Aujourd'hui c'est l'anniversaire de Enola, elle prend quatorze ans. Mais depuis ce matin, aucune nouvelle de sa mère... Le soir, il faut se rendre à l'évidence : elle a disparu !
Aussitôt, l'adolescente fait prévenir ses deux frères aînés vivant à Londres : Mycroft le haut fonctionnaire et Sherlock Holmes le célèbre détective. Après avoir examiné les lieux, celui-ci repart à la capitale pour ouvrir une enquête.
Resté au manoir, Mycroft prépare l'envoi d'Enola... en pension ! Pour la jeune fille, il devient urgent de retrouver Mère ! Mais que signifie le bazar retrouvé dans sa chambre ?Pourquoi s'est-elle vêtue de façon si étrange ? Où est-elle partie et pourquoi n'a-t-elle pris aucun bagage ? Pourquoi avoir choisi de partir le jour de l'anniversaire de sa fille ? N'a-t-elle réellement laissé aucun mot d'explication ?
Mon avis :
Une enquête policière sur fond de féminisme !
C'est une Enola malheureuse que l'on découvre au début du roman. Enfant tardive (ce qui est mal perçu à l'époque), elle vit seule avec une mère qu'elle voit assez peu car entièrement préoccupée par ses aquarelles de fleurs, et les deux derniers domestiques du manoir, Mr et Mrs Lane.

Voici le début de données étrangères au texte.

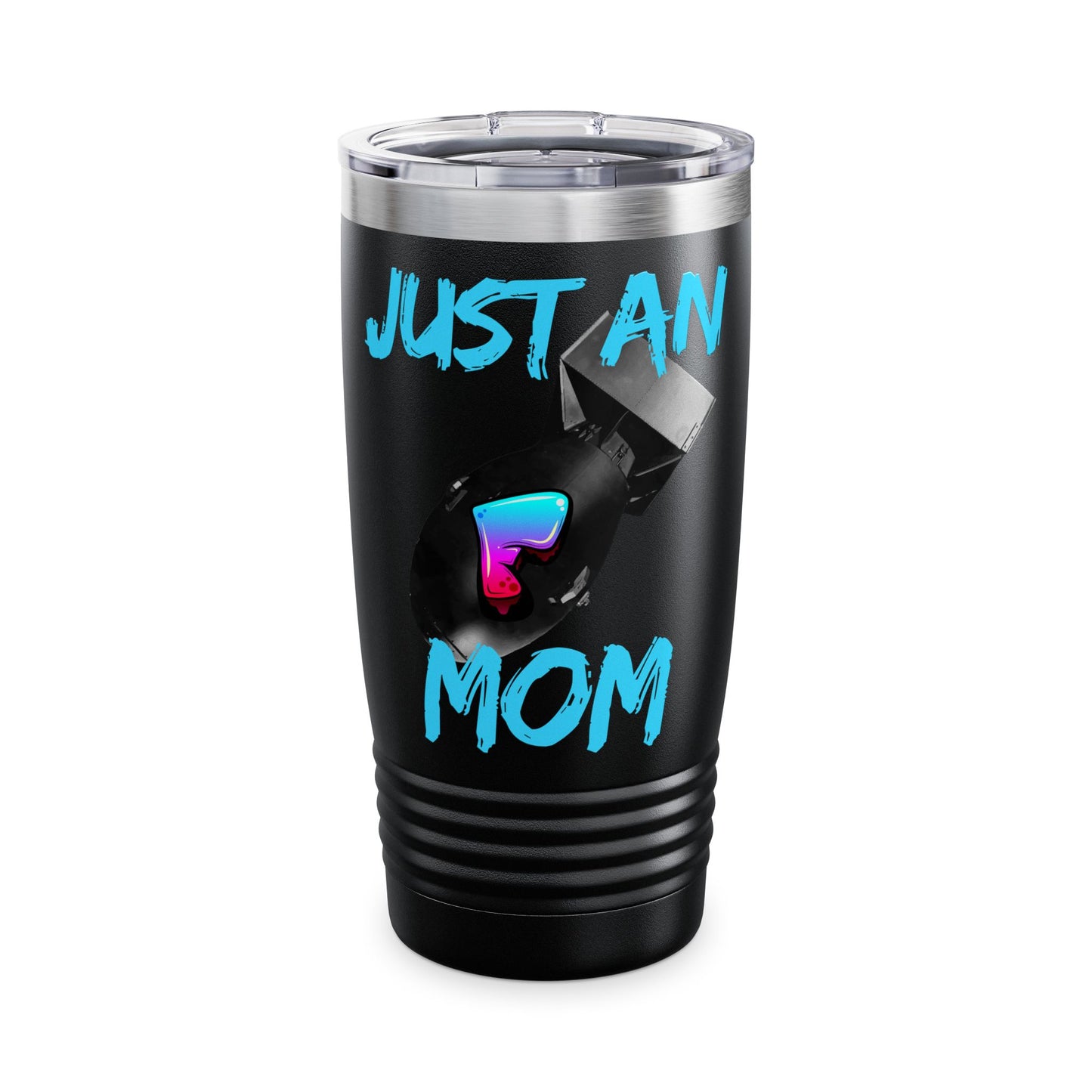 F Bomb Mom 20oz Tumbler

Son père est décédé et ses frères, beaucoup plus âgés, sont partis vivre à Londres à la mort de celui-ci. Comme elle le fait elle-même remarquer, Enola se lit "alone" à l'envers ("seule" en anglais)... "Enfant du scandale", l'adolescente a hérité de l'esprit d'indépendance de sa mère, préférant porter des knickers (pantalons courts) au lieu de s'habiller comme "une jeune fille convenable", s'instruisant par la lecture plutôt qu'avec une gouvernante, aimant se balader à bicyclette dans la campagne au risque de choquer le voisinage. La disparition de sa mère l'amène à se dévaloriser encore un peu plus : n'a-t-elle si peu d'importance aux yeux de Mère que celle-ci l'ait abandonnée sans aucun mot d'adieu ? L'arrivée de ses frères n'arrange rien : autoritaires et condescendants, Mycroft et Sherlock la traitent comme une enfant, voire un être inférieur, faisant preuve d'un sexisme écœurant : "Je n'étais, après tout, qu'une enfant, et de sexe féminin de surcroît, donc à capacité crânienne limitée". "On ne devrait jamais accorder confiance à une femme", assène Sherlock, "que peut la logique quand on a affaire à une femme ?" N'ayant "jamais pu supporter qu'une femme ait du caractère", les deux aînés sont brouillés avec leur mère depuis qu'elle a exigé de gérer elle-même la propriété héritée par Mycroft (selon la loi en vigueur à l'époque). Pour autant Enola admire ses frères et donnerait cher pour qu'ils lui accordent "un brin d'intérêt" !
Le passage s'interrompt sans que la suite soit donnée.